Hay otras épocas en que, calladamente, los países se organizan sobre sólidos
cimientos. Se las puede llamar épocas de transición, porque siempre señalan la
decadencia de una era y el comienzo de otra. Pero no es esa su mayor
importancia, sino que en realidad, en tales momentos, se extraen conclusiones y
recapitulan los resultados de los hechos precedentes para poder aplicar unos y
otros al porvenir. El entusiasmo cede su puesto a la serena reflexión, porque es
necesario abstraer y clasificar para poder organizar y constituir. El resultado no
depende de la fuerza ni del ingenio, sino del buen criterio y la imparcialidad de
los hombres.
Dios no ha sido avaro con el pueblo argentino. Hemos saboreado los momentos
de emoción exaltada y gustado las horas tranquilas de cimentación jurídica.
La cruzada emancipadora y la era constituyente son altísimos exponentes de la
creación heroica y de la fundación jurídica.
Permitidme que después de agradecer la invitación que me habéis hecho de
asistir a este acto tan trascendental para la vida de la República, eleve mi
corazón y mi pensamiento hacia las regiones inmarcesibles, donde mora el
genio tutelar de los argentinos, el general San Martín.
San Martín es el héroe máximo, héroe entre los héroes y Padre de la Patria. Sin
él se hubieran diluido los esfuerzos de los patriotas y quizás no hubiera existido
el aglutinante que dio nueva conformación al continente americano. Fue el
creador de nuestra nacionalidad y el libertador de pueblos hermanos. Para él
sea nuestra perpetua devoción y agradecimiento. Los Constituyentes del 53
habían padecido ya las consecuencias de la desorganización, de la arbitrariedad
y de la anarquía. La Generación del 53 era la sucesora de aquella de la
Independencia, la heroica. Más que la estrategia de los campos de batalla tenía
presente la obscura lucha civil; más que los cabildos populares, la
desorganización política y el abandono de las artes y de los campos. Había visto
de cerca la miseria, la sangre y el caos; pero debía elevarse apoyándose en el
pasado para ver, más allá del presente, la grandeza del futuro; y más aún, tenía
que sobreponerse a la influencia extranjera, ahondar en el modo de ser del país
para no caer en la imitación de leyes foráneas. Hubo de liberarse de la
intransigencia de los círculos cerrados y de los resabios coloniales, para que la
Constitución no fuera a la zaga de las de su tiempo.
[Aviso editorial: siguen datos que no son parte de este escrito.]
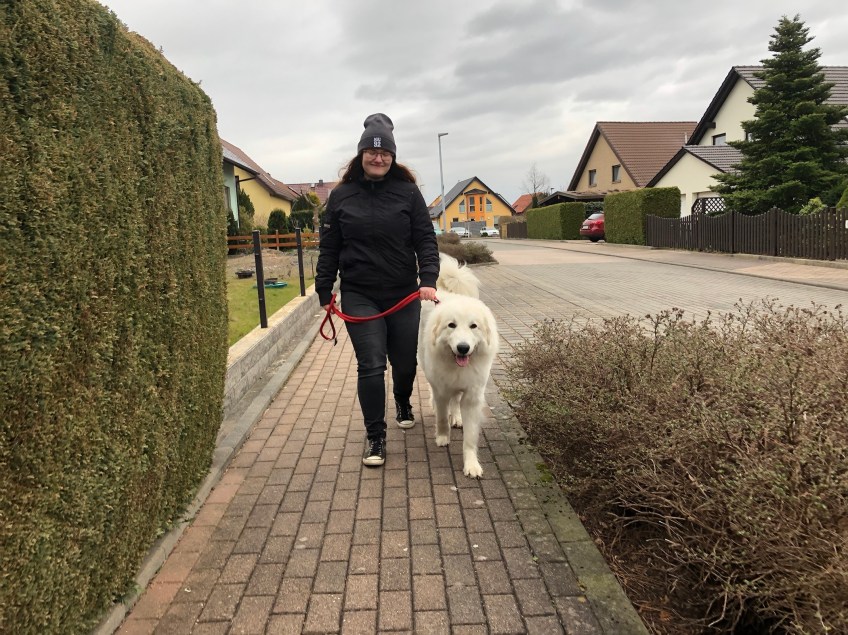 Die Bella geht mit ihrer großen Menschenschwester in ihrem Wohngebiet spazieren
Augustos diputados de la Nación nombró Urquiza a los del Congreso
Constituyente, y no estuvieron por debajo de ese adjetivo; reconstruyeron la
Patria; terminaron con las luchas y unieron indisolublemente al pueblo y a la
soberanía, renunciando a todo interés que estuviera por debajo del bienestar de
la Nación.
De esta manera se elaboró nuestra Carta Magna, no sólo para legislar sino para
organizar, defender y unir a la Argentina.
La evolución de los pueblos, el simple transcurso de los tiempos, cambian y
desnaturalizan el sentido de la legislación dictada para los hombres de una
época determinada. Cerrar el paso a nuevos conceptos, nuevas ideas, nuevas
formas de vida, equivale a condenar a la humanidad a la ruina y al
estancamiento. Al pueblo no pueden cerrársele los caminos de la reforma
gradual de sus leyes; no puede impedírsele que exteriorice su modo de pensar y
de sentir y los incorpore a los cuerpos fundamentales de su legislación. No podía
el pueblo argentino permanecer impasible ante la evolución que las ideas han
experimentado de cien años acá. Mucho menos podía tolerar que la persona
humana que el caballero que cada pecho criollo lleva dentro, permaneciera a
merced de los explotadores de su trabajo y de los conculcadores de su
conciencia. Y el límite de todas las tolerancias fue rebasando cuando se dio
cuenta que las actitudes negativas de todos los poderes del Estado conducían a
todo el pueblo de la Nación Argentina al escepticismo y a la postración moral,
desvinculándolo de la cosa pública.
Las fuerzas armadas de la Nación, intérpretes del clamor del pueblo, sin rehuir
la responsabilidad que asumían ante el pueblo mismo y ante la Historia, el 4 de
junio de 1943, derribaron cuanto significaba una renuncia a la verdadera
libertad, a la auténtica fraternidad de los argentinos.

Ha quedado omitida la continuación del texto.